In the second story, Jane is in her 20s and has a boyfriend, and they’re in the Virgin Islands. He seems to be paying too much attention to another woman. A friend tells her that the best man she’ll ever find will be attracted to other women. Everything’s complicated; “Here we are on Day Six of our visit, having a Day One conversation.” They squabble. “It scares me how fast I go from disliking to loving him, and I wonder if it’s this way for everyone.”

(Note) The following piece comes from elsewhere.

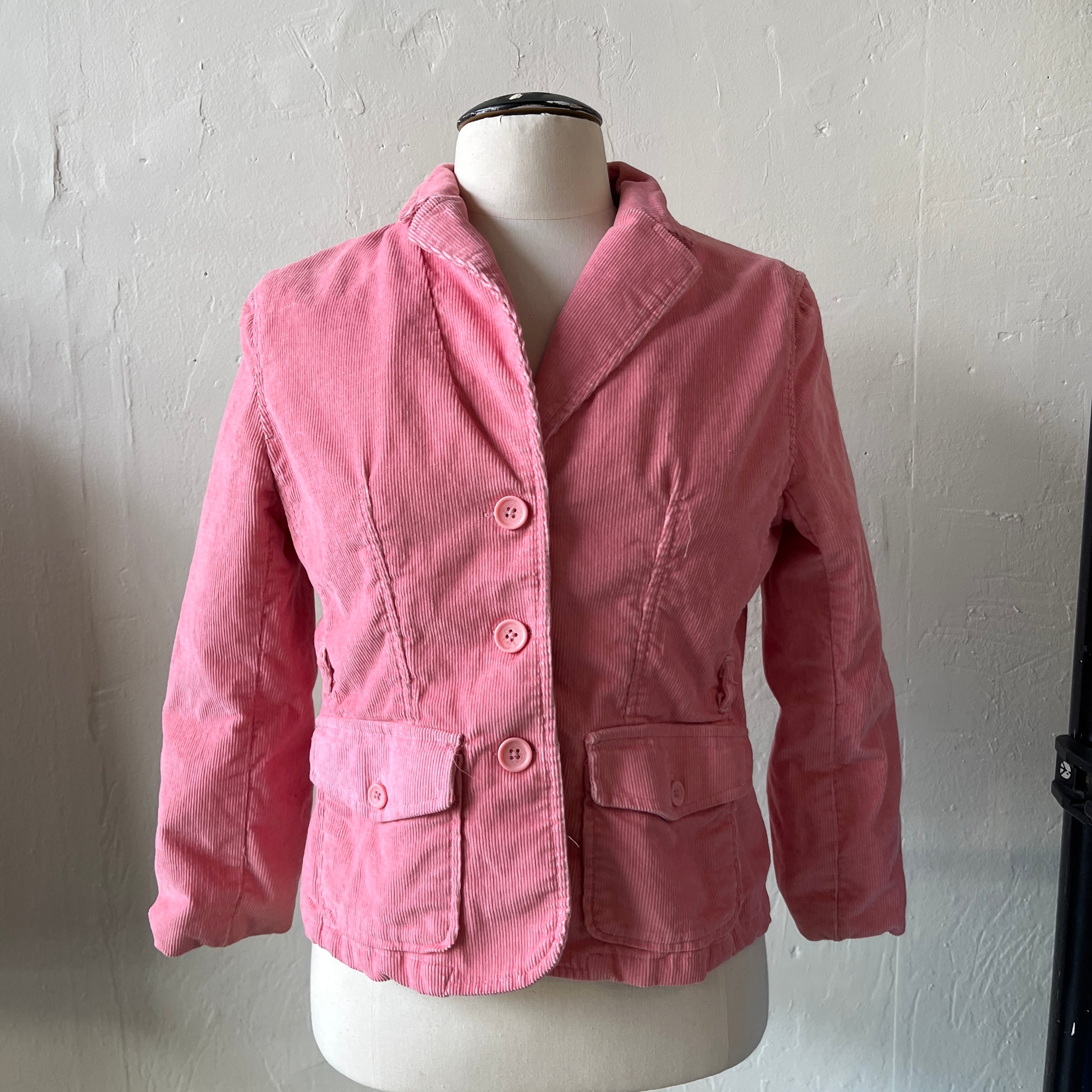 Corduroy Blazer (S)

At 25, she’s an editorial assistant in a publishing house when she meets Archie Knox, 25 years older and the editorial director at another house. Her boyfriend is in Paris, “trying to figure out what he was doing with his life — which is what he was doing with his life.” She and Archie banter. Gossip is freighted. He tells Jane, “While Bogart was dying, Lauren Bacall slept with Frank Sinatra. Don’t ever do that to me, okay, honey?” It’s a fair question: He has trouble with sex. And more with alcohol. She leaves him. He writes a novel about them. I won’t give away the last sentence.

Another story starts with this: “My father knew he had leukemia for four years before telling my brother and me.” She’s reunited with Archie Knox, now in AA. She takes a leave from her job to be with her father. Living at her parents’ home, she thinks: “the quiet in the suburbs has nothing to do with peace.” Then Archie has a medical event and is hospitalized. Who needs her more?

In another story, the perfect guy appears. She senses he’s dangerous… but he’s perfect. Then his anger flares. At everyone and everything. He takes her to Paris. She finds the engagement ring in his bag and… I won’t spoil it.

And, finally, she reads a book like “The Rules,” which told women to dress sexy and be unavailable. She tries the method. Failure is certain. She abandons it. The book ends happily. Happily? Yes. Bank told an interviewer: “Someone asked me how the book might be described. I think it would be ‘Girl meets boy, girl loses self, girl gets self.'” That’s great news. You win the game — succeed in the hunt — by finding yourself.

The Times reviewer missed all this. She — of course, the reviewer was female — was brutal:

I imagine her readers as Starbucks-swilling, “Friends”-watching female denizens of the Upper West Side. The effect is progressively irritating. In place of character development and structure, we are treated to a certain generic weariness throughout, as if to explore Jane’s (or her charming yet ineffectual boyfriends’) actual feelings or motivations would end up revealing something we had all read about before.

Well, that’s proof reviews don’t matter as much as New York smarties think. The book was compelling them, and maybe, more now with time, we see more clearly how the world works. Melissa Bank, for example. She died of lung cancer. She didn’t smoke.